● **Dataset extract**
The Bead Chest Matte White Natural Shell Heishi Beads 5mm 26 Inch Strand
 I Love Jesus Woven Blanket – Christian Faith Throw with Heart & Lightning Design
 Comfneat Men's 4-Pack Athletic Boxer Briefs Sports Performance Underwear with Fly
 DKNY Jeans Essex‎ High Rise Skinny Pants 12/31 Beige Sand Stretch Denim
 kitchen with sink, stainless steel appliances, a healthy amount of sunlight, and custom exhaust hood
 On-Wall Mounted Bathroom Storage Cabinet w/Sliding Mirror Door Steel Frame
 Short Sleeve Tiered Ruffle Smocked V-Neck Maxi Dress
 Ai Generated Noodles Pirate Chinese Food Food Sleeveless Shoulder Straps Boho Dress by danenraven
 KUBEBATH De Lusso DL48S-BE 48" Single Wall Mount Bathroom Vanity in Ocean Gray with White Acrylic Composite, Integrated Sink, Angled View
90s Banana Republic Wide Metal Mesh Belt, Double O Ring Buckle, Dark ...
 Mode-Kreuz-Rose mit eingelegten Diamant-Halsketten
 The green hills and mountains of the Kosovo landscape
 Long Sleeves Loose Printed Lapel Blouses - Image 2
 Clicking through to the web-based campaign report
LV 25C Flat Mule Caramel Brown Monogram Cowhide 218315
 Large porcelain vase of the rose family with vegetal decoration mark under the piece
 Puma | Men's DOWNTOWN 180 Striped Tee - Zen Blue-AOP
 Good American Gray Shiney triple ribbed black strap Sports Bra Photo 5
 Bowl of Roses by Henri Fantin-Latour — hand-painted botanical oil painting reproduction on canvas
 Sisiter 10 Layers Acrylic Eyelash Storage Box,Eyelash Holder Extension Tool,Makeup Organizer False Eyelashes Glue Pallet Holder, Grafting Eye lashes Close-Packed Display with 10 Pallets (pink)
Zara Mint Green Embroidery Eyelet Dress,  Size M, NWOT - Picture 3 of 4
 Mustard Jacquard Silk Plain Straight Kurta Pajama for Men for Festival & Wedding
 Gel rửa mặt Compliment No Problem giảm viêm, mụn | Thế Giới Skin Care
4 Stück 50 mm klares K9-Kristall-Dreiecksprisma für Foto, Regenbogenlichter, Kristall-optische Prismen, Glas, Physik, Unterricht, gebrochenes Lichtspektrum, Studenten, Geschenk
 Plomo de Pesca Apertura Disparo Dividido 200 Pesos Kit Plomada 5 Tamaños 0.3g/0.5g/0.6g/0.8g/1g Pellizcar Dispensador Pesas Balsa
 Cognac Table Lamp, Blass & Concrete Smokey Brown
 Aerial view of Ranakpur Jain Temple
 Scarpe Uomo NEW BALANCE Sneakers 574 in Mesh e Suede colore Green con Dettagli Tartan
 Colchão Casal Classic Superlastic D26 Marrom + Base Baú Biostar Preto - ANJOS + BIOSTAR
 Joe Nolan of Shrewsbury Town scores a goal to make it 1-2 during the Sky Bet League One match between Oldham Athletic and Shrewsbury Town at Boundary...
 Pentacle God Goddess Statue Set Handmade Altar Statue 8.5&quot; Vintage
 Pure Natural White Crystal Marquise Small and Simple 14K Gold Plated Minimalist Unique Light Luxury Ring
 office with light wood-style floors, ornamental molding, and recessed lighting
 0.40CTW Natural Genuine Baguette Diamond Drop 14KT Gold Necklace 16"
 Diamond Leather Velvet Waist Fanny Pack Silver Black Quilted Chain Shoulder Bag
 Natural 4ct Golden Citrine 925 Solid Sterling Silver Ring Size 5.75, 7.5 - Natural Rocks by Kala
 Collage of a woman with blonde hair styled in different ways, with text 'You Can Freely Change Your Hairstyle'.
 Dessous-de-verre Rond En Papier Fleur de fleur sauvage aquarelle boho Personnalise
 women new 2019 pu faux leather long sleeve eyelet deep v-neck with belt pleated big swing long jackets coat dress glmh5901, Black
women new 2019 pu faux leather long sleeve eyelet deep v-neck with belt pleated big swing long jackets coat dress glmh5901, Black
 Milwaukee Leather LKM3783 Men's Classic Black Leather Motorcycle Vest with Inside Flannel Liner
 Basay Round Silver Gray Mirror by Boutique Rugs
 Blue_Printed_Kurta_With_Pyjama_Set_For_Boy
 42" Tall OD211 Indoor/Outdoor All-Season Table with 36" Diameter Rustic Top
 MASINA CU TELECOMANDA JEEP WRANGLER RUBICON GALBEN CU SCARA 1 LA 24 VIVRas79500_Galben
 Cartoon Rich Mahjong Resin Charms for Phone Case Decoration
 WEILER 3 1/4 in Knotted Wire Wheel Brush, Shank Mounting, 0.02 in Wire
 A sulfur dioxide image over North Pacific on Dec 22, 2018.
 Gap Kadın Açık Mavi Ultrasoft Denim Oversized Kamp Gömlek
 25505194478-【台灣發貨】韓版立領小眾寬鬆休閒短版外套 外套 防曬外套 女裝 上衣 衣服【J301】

● **Activity**
Report the total of lines above containing the string "White", and write nothing besides it.

● **Response area**
3